ABOUT THIS EXERCISE
Transcription should be exact. Include all entries.

DATASET ENTRIES
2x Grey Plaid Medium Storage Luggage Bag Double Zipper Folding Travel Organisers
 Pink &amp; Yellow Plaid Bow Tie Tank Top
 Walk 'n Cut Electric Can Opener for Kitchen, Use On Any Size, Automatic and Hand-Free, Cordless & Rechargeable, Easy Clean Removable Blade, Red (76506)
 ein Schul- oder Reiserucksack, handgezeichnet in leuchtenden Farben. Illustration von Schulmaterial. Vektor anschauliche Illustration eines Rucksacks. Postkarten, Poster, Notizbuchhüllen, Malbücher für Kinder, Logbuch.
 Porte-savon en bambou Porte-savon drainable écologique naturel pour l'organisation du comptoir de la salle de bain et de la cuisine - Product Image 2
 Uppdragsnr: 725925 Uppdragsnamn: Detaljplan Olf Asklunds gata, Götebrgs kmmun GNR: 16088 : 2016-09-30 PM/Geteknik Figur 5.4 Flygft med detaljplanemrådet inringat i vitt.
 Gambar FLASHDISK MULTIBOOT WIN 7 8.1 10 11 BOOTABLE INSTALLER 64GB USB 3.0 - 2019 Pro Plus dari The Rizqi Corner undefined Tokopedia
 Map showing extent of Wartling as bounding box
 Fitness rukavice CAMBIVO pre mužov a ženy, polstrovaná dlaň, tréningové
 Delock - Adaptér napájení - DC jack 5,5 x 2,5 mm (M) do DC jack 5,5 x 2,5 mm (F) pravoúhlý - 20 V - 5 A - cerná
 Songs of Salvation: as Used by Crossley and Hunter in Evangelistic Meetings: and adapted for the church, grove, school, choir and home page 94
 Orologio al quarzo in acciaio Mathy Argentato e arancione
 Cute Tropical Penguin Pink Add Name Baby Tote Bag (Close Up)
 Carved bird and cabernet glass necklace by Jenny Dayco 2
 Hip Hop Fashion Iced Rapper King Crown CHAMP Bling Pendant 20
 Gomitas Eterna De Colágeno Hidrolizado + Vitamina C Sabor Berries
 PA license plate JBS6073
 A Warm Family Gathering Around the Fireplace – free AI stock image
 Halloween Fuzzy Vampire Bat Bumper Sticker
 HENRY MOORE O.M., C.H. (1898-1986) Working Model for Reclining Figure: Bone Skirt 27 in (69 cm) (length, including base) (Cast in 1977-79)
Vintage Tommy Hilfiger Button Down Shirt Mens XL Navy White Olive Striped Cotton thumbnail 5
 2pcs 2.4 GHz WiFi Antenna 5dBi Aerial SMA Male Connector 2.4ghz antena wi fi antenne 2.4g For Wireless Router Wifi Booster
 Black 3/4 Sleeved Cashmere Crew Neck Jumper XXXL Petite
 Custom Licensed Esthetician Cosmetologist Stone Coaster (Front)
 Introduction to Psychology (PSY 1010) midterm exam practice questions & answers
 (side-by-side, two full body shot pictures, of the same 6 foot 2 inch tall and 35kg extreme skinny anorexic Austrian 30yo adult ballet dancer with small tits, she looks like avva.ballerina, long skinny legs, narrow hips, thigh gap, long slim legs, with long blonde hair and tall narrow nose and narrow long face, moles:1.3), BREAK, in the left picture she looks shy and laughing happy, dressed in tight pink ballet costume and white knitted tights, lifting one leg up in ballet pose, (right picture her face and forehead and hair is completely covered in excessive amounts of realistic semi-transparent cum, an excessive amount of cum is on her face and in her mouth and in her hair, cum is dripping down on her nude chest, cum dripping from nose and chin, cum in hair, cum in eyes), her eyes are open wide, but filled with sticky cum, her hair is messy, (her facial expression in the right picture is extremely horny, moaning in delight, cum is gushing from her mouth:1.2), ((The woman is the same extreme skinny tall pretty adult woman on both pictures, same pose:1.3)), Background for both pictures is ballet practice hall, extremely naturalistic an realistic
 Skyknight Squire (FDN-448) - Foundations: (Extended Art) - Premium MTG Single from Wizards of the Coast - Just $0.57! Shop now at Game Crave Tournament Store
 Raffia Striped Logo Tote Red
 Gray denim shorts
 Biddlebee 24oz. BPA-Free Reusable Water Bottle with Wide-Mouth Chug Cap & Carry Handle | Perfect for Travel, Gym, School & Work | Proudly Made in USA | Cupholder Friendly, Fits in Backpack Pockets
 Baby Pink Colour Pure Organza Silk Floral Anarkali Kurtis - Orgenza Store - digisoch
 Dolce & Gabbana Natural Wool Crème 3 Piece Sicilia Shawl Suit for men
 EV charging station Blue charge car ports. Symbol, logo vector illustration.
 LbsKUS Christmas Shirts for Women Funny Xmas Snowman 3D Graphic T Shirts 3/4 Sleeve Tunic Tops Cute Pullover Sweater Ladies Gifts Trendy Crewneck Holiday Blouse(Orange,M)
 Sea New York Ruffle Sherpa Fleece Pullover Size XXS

SOLUTION
2x Grey Plaid Medium Storage Luggage Bag Double Zipper Folding Travel Organisers
 Pink &amp; Yellow Plaid Bow Tie Tank Top
 Walk 'n Cut Electric Can Opener for Kitchen, Use On Any Size, Automatic and Hand-Free, Cordless & Rechargeable, Easy Clean Removable Blade, Red (76506)
 ein Schul- oder Reiserucksack, handgezeichnet in leuchtenden Farben. Illustration von Schulmaterial. Vektor anschauliche Illustration eines Rucksacks. Postkarten, Poster, Notizbuchhüllen, Malbücher für Kinder, Logbuch.
 Porte-savon en bambou Porte-savon drainable écologique naturel pour l'organisation du comptoir de la salle de bain et de la cuisine - Product Image 2
 Uppdragsnr: 725925 Uppdragsnamn: Detaljplan Olf Asklunds gata, Götebrgs kmmun GNR: 16088 : 2016-09-30 PM/Geteknik Figur 5.4 Flygft med detaljplanemrådet inringat i vitt.
 Gambar FLASHDISK MULTIBOOT WIN 7 8.1 10 11 BOOTABLE INSTALLER 64GB USB 3.0 - 2019 Pro Plus dari The Rizqi Corner undefined Tokopedia
 Map showing extent of Wartling as bounding box
 Fitness rukavice CAMBIVO pre mužov a ženy, polstrovaná dlaň, tréningové
 Delock - Adaptér napájení - DC jack 5,5 x 2,5 mm (M) do DC jack 5,5 x 2,5 mm (F) pravoúhlý - 20 V - 5 A - cerná
 Songs of Salvation: as Used by Crossley and Hunter in Evangelistic Meetings: and adapted for the church, grove, school, choir and home page 94
 Orologio al quarzo in acciaio Mathy Argentato e arancione
 Cute Tropical Penguin Pink Add Name Baby Tote Bag (Close Up)
 Carved bird and cabernet glass necklace by Jenny Dayco 2
 Hip Hop Fashion Iced Rapper King Crown CHAMP Bling Pendant 20
 Gomitas Eterna De Colágeno Hidrolizado + Vitamina C Sabor Berries
 PA license plate JBS6073
 A Warm Family Gathering Around the Fireplace – free AI stock image
 Halloween Fuzzy Vampire Bat Bumper Sticker
 HENRY MOORE O.M., C.H. (1898-1986) Working Model for Reclining Figure: Bone Skirt 27 in (69 cm) (length, including base) (Cast in 1977-79)
Vintage Tommy Hilfiger Button Down Shirt Mens XL Navy White Olive Striped Cotton thumbnail 5
 2pcs 2.4 GHz WiFi Antenna 5dBi Aerial SMA Male Connector 2.4ghz antena wi fi antenne 2.4g For Wireless Router Wifi Booster
 Black 3/4 Sleeved Cashmere Crew Neck Jumper XXXL Petite
 Custom Licensed Esthetician Cosmetologist Stone Coaster (Front)
 Introduction to Psychology (PSY 1010) midterm exam practice questions & answers
 (side-by-side, two full body shot pictures, of the same 6 foot 2 inch tall and 35kg extreme skinny anorexic Austrian 30yo adult ballet dancer with small tits, she looks like avva.ballerina, long skinny legs, narrow hips, thigh gap, long slim legs, with long blonde hair and tall narrow nose and narrow long face, moles:1.3), BREAK, in the left picture she looks shy and laughing happy, dressed in tight pink ballet costume and white knitted tights, lifting one leg up in ballet pose, (right picture her face and forehead and hair is completely covered in excessive amounts of realistic semi-transparent cum, an excessive amount of cum is on her face and in her mouth and in her hair, cum is dripping down on her nude chest, cum dripping from nose and chin, cum in hair, cum in eyes), her eyes are open wide, but filled with sticky cum, her hair is messy, (her facial expression in the right picture is extremely horny, moaning in delight, cum is gushing from her mouth:1.2), ((The woman is the same extreme skinny tall pretty adult woman on both pictures, same pose:1.3)), Background for both pictures is ballet practice hall, extremely naturalistic an realistic
 Skyknight Squire (FDN-448) - Foundations: (Extended Art) - Premium MTG Single from Wizards of the Coast - Just $0.57! Shop now at Game Crave Tournament Store
 Raffia Striped Logo Tote Red
 Gray denim shorts
 Biddlebee 24oz. BPA-Free Reusable Water Bottle with Wide-Mouth Chug Cap & Carry Handle | Perfect for Travel, Gym, School & Work | Proudly Made in USA | Cupholder Friendly, Fits in Backpack Pockets
 Baby Pink Colour Pure Organza Silk Floral Anarkali Kurtis - Orgenza Store - digisoch
 Dolce & Gabbana Natural Wool Crème 3 Piece Sicilia Shawl Suit for men
 EV charging station Blue charge car ports. Symbol, logo vector illustration.
 LbsKUS Christmas Shirts for Women Funny Xmas Snowman 3D Graphic T Shirts 3/4 Sleeve Tunic Tops Cute Pullover Sweater Ladies Gifts Trendy Crewneck Holiday Blouse(Orange,M)
 Sea New York Ruffle Sherpa Fleece Pullover Size XXS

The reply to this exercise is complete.